Directions for this task:
Print the lines that run from the line with "ANDIS BLADE CARE PLUS 7IN1 SPRAY" to the line with "gelato pique公式オンラインストア /", keeping both end lines, exactly as they appear in the entries below, and nothing else.

Data in this exercise:

+ + +

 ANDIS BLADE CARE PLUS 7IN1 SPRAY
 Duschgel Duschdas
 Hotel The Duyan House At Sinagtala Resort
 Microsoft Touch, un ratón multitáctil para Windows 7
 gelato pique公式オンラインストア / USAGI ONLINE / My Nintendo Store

+ + +

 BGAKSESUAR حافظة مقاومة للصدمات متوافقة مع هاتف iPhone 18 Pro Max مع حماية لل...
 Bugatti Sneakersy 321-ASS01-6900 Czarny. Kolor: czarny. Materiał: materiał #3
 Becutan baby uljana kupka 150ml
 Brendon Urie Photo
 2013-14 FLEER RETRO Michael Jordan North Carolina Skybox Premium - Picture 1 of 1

+ + +

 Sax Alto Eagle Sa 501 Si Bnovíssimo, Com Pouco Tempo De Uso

+ + +

Exercise output:
 ANDIS BLADE CARE PLUS 7IN1 SPRAY
 Duschgel Duschdas
 Hotel The Duyan House At Sinagtala Resort
 Microsoft Touch, un ratón multitáctil para Windows 7
 gelato pique公式オンラインストア / USAGI ONLINE / My Nintendo Store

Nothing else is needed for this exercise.